I was reading through John 6 this morning. I couldn’t help but notice how many times the word “believe” appeared in the text as Jesus spoke to the people.

So, I did a quick search on the word “believe.” I discovered that the Greek word often translated “faith” or “believe” in the New Testament is used about 250 times. In the Gospel of John, it appears about 100 times.

Did you get that? The person who reads the Gospel of John will encounter almost half of the instances where “believe” is used in the entire New Testament!

When we are told that belief is required to get to Heaven, we realize just how important it is that we understand what it means.

John 3:16 (CSB): “For God loved the world in this way: He gave his one and only Son, so that everyone who believes in him will not perish but have eternal life.”

So, what does “believe” mean?

The biblical understanding of belief has three components:

  1. A message that is presented as truth.
  2. A determination that we believe (with our mind) that the message is truth.
  3. A determination that we trust (with our heart) that we will rest in that truth and act on it.

For instance, imagine walking on a trail through the woods with a friend. After a while, you come to a clearing. In front of you is a vast ravine with a suspension bridge to the other side.

Photo by Jonathan Klok on Unsplash

Your friend steps onto the suspension bridge while your feet stay firmly planted on the safety of the trail. Your friend looks back at you and sees the reluctance in your eyes. So, he begins the three-step process I just mentioned.

First, he presents what he believes to be truth to you. He shows you that he is standing on the suspension bridge and feels perfectly safe. He then proceeds to walk farther away from you as he jumps up and down on the bridge. “It’s completely safe!” he says.

But that takes you to step two: Do you believe in your mind that the bridge will hold you up? You observe what your friend has presented as true but you have to determine for yourself if you believe what you are seeing.

Let’s say your friend asks you, “Come on! This bridge is perfectly safe! You believe it will hold you up, don’t you?” You pass step two by saying, “Yes, I believe it will hold me up.”

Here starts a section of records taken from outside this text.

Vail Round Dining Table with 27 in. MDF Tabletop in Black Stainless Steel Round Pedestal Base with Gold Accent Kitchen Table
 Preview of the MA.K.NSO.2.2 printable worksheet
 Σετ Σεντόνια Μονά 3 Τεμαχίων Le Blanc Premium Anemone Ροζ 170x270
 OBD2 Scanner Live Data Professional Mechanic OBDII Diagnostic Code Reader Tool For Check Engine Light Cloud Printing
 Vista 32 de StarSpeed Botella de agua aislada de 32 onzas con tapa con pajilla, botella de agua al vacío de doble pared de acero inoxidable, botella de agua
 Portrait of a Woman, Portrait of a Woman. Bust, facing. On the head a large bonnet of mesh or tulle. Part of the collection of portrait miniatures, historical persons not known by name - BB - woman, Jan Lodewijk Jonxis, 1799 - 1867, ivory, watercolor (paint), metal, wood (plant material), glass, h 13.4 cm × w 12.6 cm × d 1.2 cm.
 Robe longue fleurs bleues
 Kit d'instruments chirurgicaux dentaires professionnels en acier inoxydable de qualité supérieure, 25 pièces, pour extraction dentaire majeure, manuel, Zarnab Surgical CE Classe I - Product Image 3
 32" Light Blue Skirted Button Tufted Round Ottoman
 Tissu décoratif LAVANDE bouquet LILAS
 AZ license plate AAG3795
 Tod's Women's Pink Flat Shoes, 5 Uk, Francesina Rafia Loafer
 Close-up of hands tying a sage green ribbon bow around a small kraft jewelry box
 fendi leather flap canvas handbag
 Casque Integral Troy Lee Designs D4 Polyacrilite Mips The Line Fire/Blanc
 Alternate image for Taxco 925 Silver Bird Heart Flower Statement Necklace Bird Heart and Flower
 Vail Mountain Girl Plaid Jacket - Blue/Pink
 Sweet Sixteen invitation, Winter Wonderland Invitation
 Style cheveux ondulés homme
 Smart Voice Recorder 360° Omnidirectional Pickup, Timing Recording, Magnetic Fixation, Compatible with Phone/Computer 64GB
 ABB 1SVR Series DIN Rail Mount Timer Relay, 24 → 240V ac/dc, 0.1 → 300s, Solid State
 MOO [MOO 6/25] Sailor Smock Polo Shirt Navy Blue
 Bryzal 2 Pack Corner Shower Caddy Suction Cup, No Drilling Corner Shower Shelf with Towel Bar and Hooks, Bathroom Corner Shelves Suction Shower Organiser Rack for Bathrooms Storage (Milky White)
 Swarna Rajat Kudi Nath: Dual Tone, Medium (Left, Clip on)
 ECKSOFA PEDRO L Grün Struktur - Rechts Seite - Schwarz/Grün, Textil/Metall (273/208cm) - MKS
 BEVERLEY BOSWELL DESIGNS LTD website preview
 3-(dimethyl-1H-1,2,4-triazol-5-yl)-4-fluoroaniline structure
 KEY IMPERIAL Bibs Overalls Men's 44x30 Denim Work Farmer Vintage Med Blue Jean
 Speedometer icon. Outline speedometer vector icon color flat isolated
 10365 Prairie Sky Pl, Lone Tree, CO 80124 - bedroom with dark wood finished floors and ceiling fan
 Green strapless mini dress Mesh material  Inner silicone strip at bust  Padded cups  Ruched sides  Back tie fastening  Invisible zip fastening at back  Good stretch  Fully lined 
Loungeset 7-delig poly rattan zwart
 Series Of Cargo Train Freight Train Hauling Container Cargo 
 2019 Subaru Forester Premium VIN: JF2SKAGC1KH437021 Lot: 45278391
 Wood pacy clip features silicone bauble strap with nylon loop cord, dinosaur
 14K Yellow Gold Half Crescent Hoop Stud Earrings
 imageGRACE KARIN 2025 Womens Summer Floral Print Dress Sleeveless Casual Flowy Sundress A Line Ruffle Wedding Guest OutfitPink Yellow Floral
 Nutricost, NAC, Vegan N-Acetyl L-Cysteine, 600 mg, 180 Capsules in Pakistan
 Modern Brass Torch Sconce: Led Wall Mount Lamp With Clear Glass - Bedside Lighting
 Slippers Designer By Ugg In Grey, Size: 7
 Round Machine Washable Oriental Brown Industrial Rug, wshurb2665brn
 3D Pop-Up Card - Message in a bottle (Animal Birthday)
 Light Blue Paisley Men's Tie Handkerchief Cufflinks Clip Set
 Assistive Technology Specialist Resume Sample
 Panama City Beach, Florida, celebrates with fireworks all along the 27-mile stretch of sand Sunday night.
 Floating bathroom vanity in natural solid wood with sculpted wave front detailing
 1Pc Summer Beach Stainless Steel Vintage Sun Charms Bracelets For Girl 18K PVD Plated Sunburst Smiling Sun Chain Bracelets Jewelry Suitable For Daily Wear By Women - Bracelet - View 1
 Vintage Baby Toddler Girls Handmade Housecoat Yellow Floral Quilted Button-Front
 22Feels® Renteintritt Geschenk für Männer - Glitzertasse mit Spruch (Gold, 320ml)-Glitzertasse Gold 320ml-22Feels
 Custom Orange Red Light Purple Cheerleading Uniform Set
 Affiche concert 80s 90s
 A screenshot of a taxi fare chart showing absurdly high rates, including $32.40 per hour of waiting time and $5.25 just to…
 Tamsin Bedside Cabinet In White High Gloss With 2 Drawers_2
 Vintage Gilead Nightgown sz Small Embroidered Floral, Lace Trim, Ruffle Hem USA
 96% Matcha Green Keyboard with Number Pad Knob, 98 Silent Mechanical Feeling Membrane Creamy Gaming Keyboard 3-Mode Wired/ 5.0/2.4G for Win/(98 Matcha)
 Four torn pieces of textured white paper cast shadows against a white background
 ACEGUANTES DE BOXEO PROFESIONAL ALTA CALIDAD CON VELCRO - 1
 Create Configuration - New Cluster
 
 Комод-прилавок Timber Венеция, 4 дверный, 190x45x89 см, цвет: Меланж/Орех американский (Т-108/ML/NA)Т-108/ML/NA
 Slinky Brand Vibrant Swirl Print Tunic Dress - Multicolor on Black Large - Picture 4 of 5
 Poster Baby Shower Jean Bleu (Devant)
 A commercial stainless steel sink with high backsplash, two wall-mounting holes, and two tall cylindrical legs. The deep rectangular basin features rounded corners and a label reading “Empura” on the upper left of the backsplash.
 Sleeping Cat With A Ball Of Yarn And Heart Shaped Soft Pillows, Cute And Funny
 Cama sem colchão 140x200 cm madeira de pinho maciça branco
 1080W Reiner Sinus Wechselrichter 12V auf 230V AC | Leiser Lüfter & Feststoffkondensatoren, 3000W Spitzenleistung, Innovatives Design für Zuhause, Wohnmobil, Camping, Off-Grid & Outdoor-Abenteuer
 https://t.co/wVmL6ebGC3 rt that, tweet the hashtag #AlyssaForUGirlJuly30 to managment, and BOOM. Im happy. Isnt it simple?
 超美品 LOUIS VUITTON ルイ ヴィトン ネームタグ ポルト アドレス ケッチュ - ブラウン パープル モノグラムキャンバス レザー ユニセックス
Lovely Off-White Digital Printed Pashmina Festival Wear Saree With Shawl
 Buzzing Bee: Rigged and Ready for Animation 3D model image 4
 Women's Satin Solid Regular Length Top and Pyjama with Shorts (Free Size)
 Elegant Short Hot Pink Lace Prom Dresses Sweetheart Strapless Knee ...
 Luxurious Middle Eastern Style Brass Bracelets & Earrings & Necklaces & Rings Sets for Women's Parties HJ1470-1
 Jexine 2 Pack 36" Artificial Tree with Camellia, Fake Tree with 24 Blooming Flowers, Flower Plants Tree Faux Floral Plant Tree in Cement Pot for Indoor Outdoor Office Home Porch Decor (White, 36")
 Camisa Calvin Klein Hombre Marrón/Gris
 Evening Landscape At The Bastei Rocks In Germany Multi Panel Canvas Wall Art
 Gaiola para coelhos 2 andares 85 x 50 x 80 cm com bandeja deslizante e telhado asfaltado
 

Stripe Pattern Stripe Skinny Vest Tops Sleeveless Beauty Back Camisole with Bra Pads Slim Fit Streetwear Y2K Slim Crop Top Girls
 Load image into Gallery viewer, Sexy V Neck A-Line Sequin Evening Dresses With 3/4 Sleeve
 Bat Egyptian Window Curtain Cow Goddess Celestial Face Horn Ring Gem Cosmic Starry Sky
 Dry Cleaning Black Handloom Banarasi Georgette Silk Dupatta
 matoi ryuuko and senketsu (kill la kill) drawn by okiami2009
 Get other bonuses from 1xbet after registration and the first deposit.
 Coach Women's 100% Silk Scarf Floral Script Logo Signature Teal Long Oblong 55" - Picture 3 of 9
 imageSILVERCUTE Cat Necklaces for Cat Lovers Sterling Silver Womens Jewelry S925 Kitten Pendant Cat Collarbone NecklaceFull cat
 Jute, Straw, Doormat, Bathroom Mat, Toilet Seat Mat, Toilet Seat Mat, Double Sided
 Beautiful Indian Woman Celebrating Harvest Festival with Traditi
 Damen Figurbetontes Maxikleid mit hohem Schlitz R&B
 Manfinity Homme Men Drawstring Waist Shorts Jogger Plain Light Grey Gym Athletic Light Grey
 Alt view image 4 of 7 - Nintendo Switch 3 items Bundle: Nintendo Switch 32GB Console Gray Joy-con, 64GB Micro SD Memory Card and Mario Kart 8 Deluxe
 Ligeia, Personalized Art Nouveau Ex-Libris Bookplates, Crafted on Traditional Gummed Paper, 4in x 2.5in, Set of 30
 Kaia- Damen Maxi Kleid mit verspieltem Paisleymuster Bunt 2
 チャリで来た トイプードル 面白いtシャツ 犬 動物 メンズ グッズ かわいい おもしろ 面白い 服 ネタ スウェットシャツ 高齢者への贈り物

But you are still standing on the safety of the dirt path.

You have passed step two. Your mind believes that the suspension bridge is safe but you haven’t acted on it. What your mind believes is doing you absolutely no good. That’s where step three comes into play.

Step three only occurs when you take that first step onto the bridge and rest your weight upon it. Step three moves from believing (with your mind) something is true to trusting (with your heart and by your actions) that something is true. Trust means that you are taking action based upon what you believe.

This is how we are to understand the word “believe” in Scripture. So many people think that if they read the Bible and believe what it says in their minds, then they have done enough. But that’s not true! If all they are doing is believing the truths in their mind, then they have only gotten to step two. Biblical belief only occurs when they move to step three and trust.

I could ask you, “Do you believe in Jesus?” It’s quite possible that you could say, “Yes, I believe in Jesus” and still not be saved. If you’ve only arrived at step two, and believe the facts about Jesus, you are not yet saved.

In order to be saved, you have to make it to step three and “trust” in Jesus. You have to take that step of faith and rest completely in what you believe to be true, trusting in Jesus and in Jesus alone to save you from your sins and God’s wrath.

I want to encourage you to think about these three aspects of belief when you see the word “believe” in the Bible. Take time to do a personal assessment to see if you are truly living in step three in regard to your relationship with Jesus and what you say you believe in the Bible. Remember that biblical belief requires all three steps:

  1. You are presented with what is claimed to be true.
  2. You make a determination that you believe (with your mind) that the claims are true.
  3. You take a step of faith and trust (with your heart and by your actions) that you will rest in that truth.